I’m not going to lie, sometimes I cringe – trying to recall what could have possibly led me to think or feel so strongly way towards someone whose name I can  now barely recall. How many times I’ve come home from a date and in my school girl naiveté profess how much I love them! Not love of course, but think they are the shizzz. Instead of actually just being a shit head, which many turned out to be once the novelty wore off.

I also often wonder how I’ve remained friends (even close) with some men I’ve dated and how others simply dropped off the face of the Earth and out of my life. My scientific and curious side tried to find a pattern – like I only remained friends with guys I’ve never slept with…..or those I only dated a few times….or those that I never really had strong feelings for. But none of those were true or consistent. The pattern was…. there was no pattern. It’s a crap shoot with one exception – if a guy really hurt me, or screwed me over or lied to me or treated me poorly or disrespectfully, odds are we are not currently friends.

One reason that made me think of this recently was a somewhat related conversation I had with Male Me. He insisted that sex changes everything and that it is virtually impossible to have a friendship with a woman and have sex with her (while not dating her just to be clear). You know, friends with benefits…fuck buddies…..call it what you like. We are all products of our own experiences so obviously this hasn’t worked for him. I’ll agree there is a slippery slope when it comes to friendship and sex but I don’t believe the two are mutually exclusive. I don’t believe there is one specific formula that works and another that is doomed, but clearly if one party has feelings for the other and there is sex, and the other party doesn’t want emotional attachment….well, that’s usually a recipe for disaster.

So what changes in a person to allow this evolution? Time can certainly be a factor. So does getting to know a person. The guy who I thought was my soul mate after two dates suddenly moves to the category of ‘wouldn’t touch him with a ten foot pole’ after getting to know him for 6 months. However, what was once a crush can now be a deep respect and fondness that is shared amongst friends who have let their guards down enough to have a genuine friendship.

The only gray area in this scenario is what happens when one friend gets involved with a new romantic partner? Is there jealousy?
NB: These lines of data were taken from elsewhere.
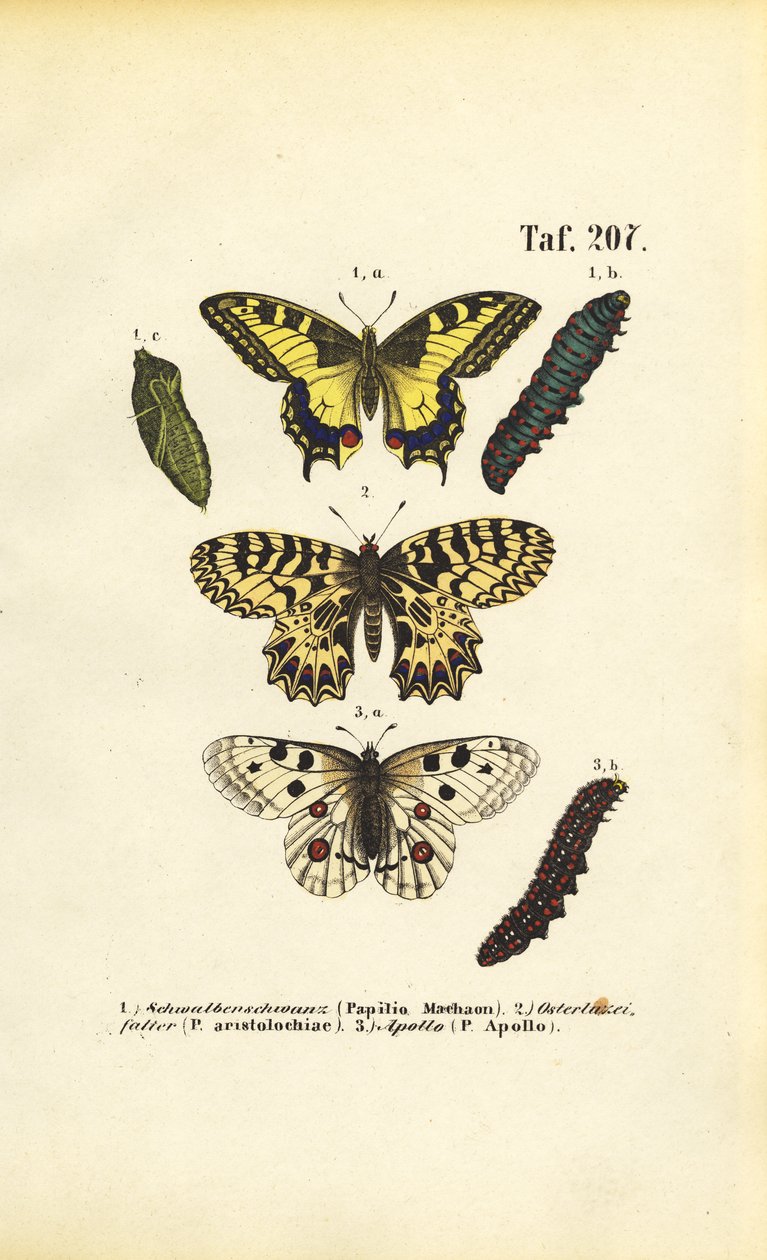 European Butterflies with Caterpillars and Pupae by J. W. Tenhaeff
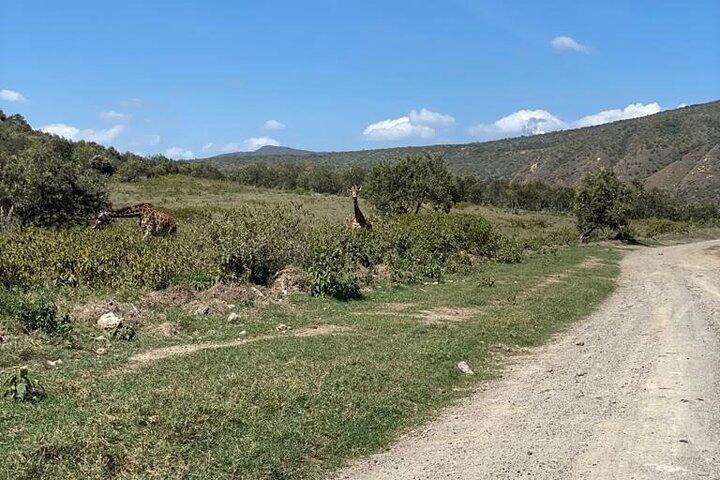 7 días de tour privado en jeep safari en alojamientos de 5 estrellas desde Nairobi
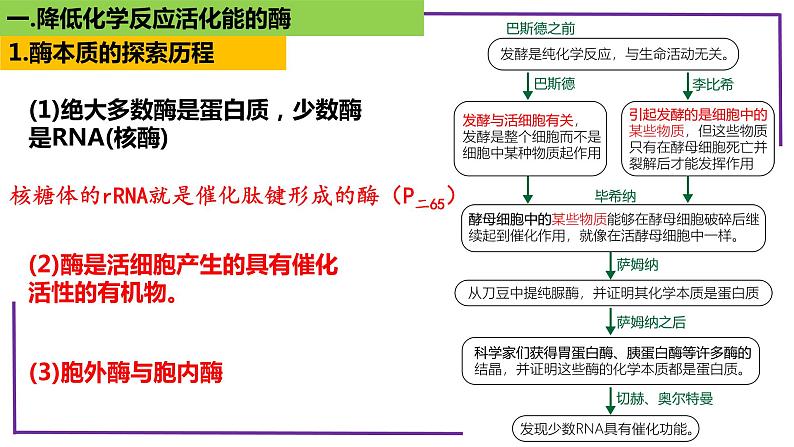 精讲13 降低化学反应活化能的酶-【备战一轮】最新高考生物一轮复习名师精讲课件第6页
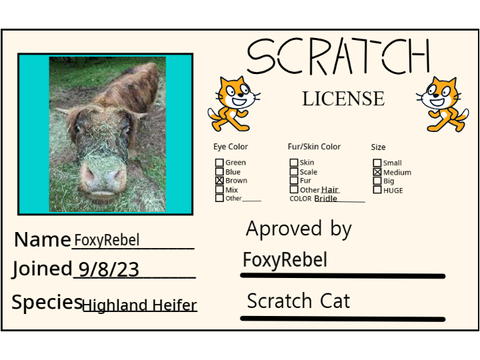 Make Your Own Scratch License remix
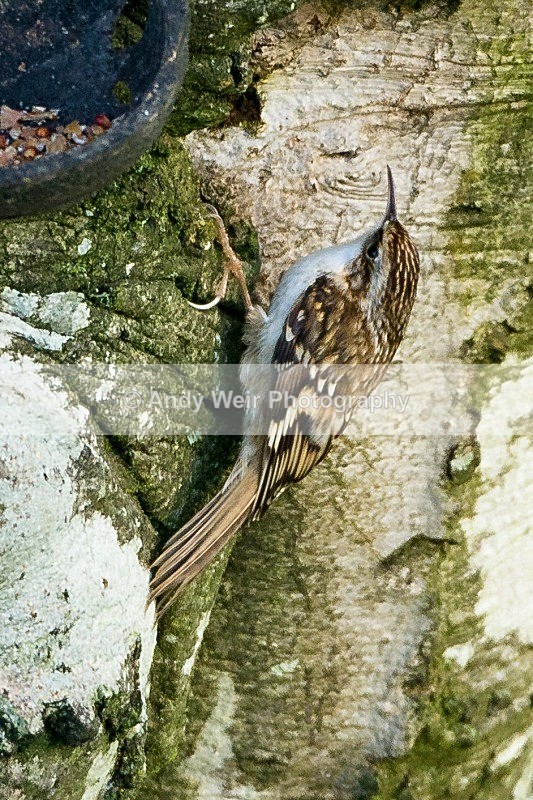 20111120-_MG_7727 - Nuthatch & Treecreepers
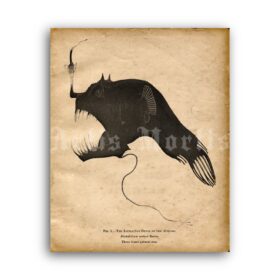 Printable Sea Devil weird scary monster fish nautical illustration poster - vintage print poster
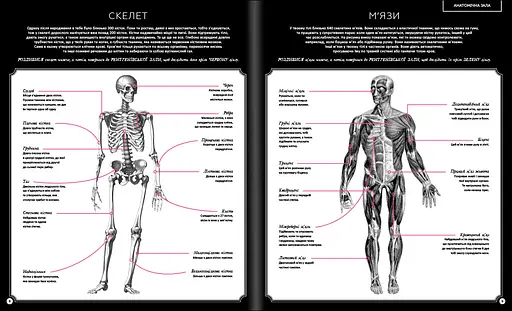 Прихований світ людського тіла. Автор Кейт Девіс - фото 3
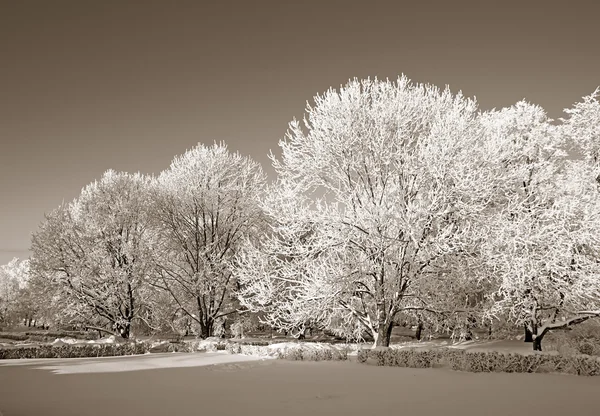 Träd i snö, sepia — Stockfoto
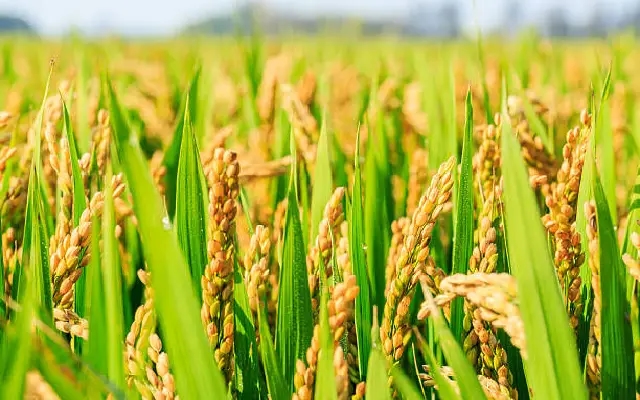 Youth Sow Seeds of Change: Church Groups Embrace Farming in Udupi Fields - News Karnataka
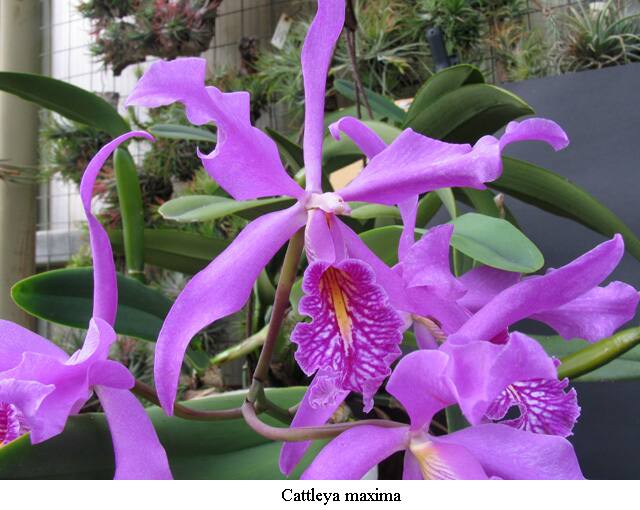 cattleya_maxima_01.jpg.jpg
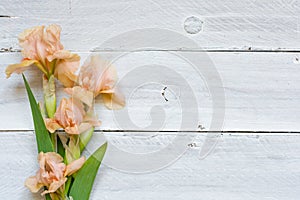 Tender iris flowers over white wooden table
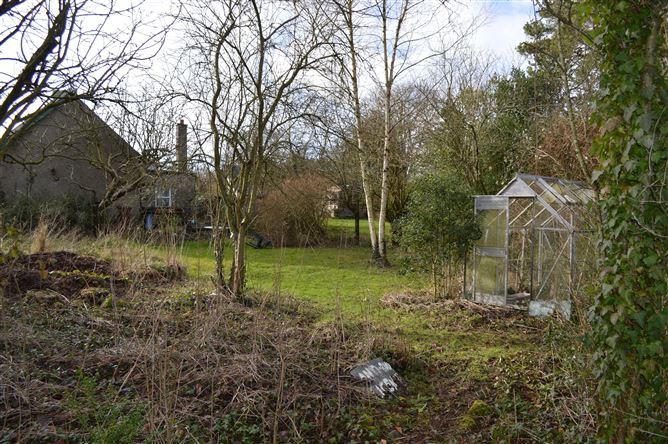 "Buhala", The Conoboro, Rathdowney, Laois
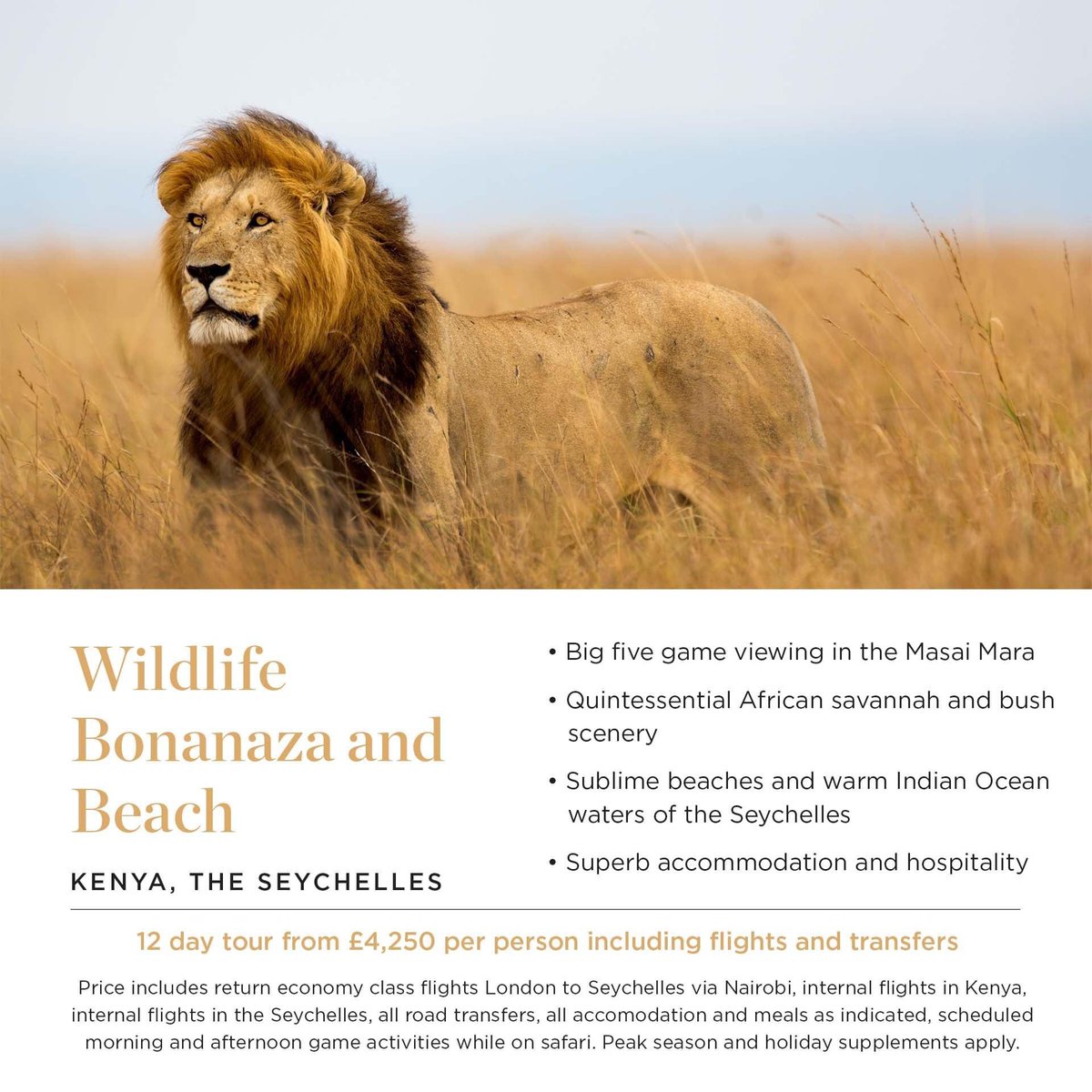 gbatestravelman's tweet image. A selection of incredible experiences from our Rainbow Tours focus week #rainbowtours #ITCTravel #focusweek @RainbowToursUK @ITCTravel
Does the new partner understand or appreciate why their boyfriend/girlfriend is maintaining a friendship with an ex or almost ex? That’s where it gets sticky and sometimes friendships don’t survive when the new girlfriend/boyfriend turns into a wife/husband. A lot of men can’t juggle the girl “friend” AND the girlfriend and I’ve sadly cut off friendships when a male friend only has time for me in-between relationships. I’m not going to be filler for anyone, I care too much and I take my friendships (male or female) seriously.

I’m not going to say time heals all wounds, but it certainly brings clarity to most situations. Granola and I are good friends who occasionally sleep together. Facebook Guy and I are friends, but guarded ones. Male Me and I are friends again after a period of not speaking. I feel like we are in a good place and I genuinely care about him and enjoy his company with no remorse of what never happened or could have between us. It took time to get to this place, but I think we’re in the clear.

Still Married Guy is another story altogether.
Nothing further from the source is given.